The strike day and national demonstration announced for the 14th June may seem far away to those who have been in action since the start of March. But by supporting current strikes, helping to get strikes off the ground wherever they are needed, including over specific demands such as wages and conditions, we can continue to build this movement. The demonstration on the 14th June can be a high point in the struggle, directly targeting the government, with everyone demonstrating in their hundreds of thousands through the capital.
Build real instruments of mass struggle
Genuine general assemblies are needed to bring together strikers, trade unions and all those in action: young people, Nuit Debout activists and others. Such assemblies would enable a wide-ranging discussion of actions to be taken, involving more people and democratically electing action committees at local, regional and national level, involving workers and young people on a wider scale than is presently possible just through the trade unions and other organisations. Many workers can become active without currently being members of a union and this is even more true of young people. The struggle needs to draw on everyone’s energy, allowing tens of thousands of people to become strike activists.
Similarly, the question arises of getting up strike collections which are sufficient to allow lone parents, low waged workers or those who have already been on strike for a number of days, to hold out. The capitalists are demanding ever stronger attacks on workers. The Economy minister, Macron, has referred to the need to resort to ‘salary moderation’, in other words to lower the standard of living of workers and their families
Immediately creating broad democratic forums is vital to allow collective discussions and the drawing up of a plan in which the main strike days are not seen as separate from each other but as stages in a developing struggle and where, in organisational terms, we can bring everyone up to date and prepare for the next ones.
The need to give the struggle a voice
We still need to find a way of focussing and expressing the anger which has accumulated, rejecting the employment law and all of Valls’ and Hollande’s politics, demanding higher wages and job creation and protesting at constantly being told to tighten our belts while the super-rich are rolling in millions of euros.
These are the ideas that are on the minds of all those demonstrating and striking.
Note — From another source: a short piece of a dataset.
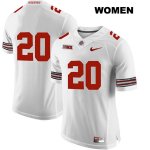 Women's NCAA Ohio State Buckeyes Pete Werner #20 College Stitched No Name Authentic Nike White Football Jersey WM20E22QH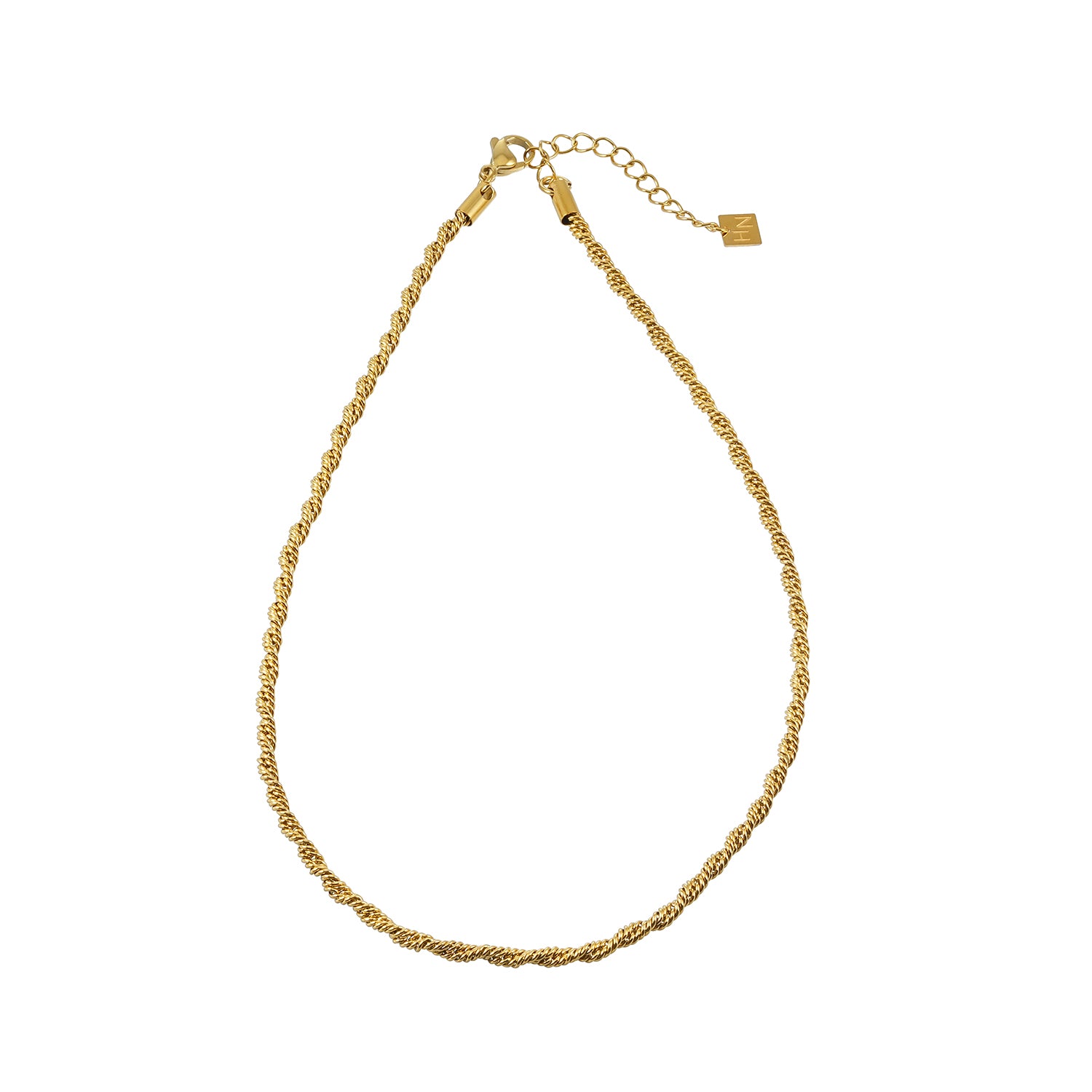 PESCARA Gold: Twisted Rope Chain Necklace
General assemblies could extend the discussion of these ideas, something which to some extent is already happening in the Nuits Debout movement, where thousands of youth, of people in insecure jobs, unemployed, pensioners, unionised or non-unionised workers have come together to debate what’s wrong with society and what we need to do about it. Many of these debates have as their central theme the need to change society and overthrow capitalism.
The trade union leaders have not been receptive to this movement, even though Martinez, as national leader of the CGT, has spoken out in support at this late stage. If they had done so, it would have been easier to say: ‘we’re in this fight together, let’s go forward to a general strike’. And when the leading lights behind ‘Nuits Debout’ simply said: ‘we’re not making any demands’ that didn’t help to bring people together in workplaces and working class districts! On the contrary, there is a pressing need to formulate clear demands to stop the attacks on living and working conditions which come at us like a steam roller, crushing the daily lives of millions.
Nevertheless, the Nuits Debout movement and the collective blockades – uniting young people and workers from different workplaces – demonstrate a willingness to come together in struggle. The movement could start to speak with a single voice if the general assemblies could spread their demands on a national level – such as for a 32 hour working week to create jobs for the unemployed, pay increases that would provide decent living standards, an end to redundancies and the taking into public ownership of any companies threatening to close or sack workers. This would make it possible to counter the dominant line of the politicians in the governing ‘Socialist’ Party (PS) or the National Front (FN) and the media who are all working in the interests of the fat cats and the share-holders and to give voice to the workers and young people, i.e. 90% of the population.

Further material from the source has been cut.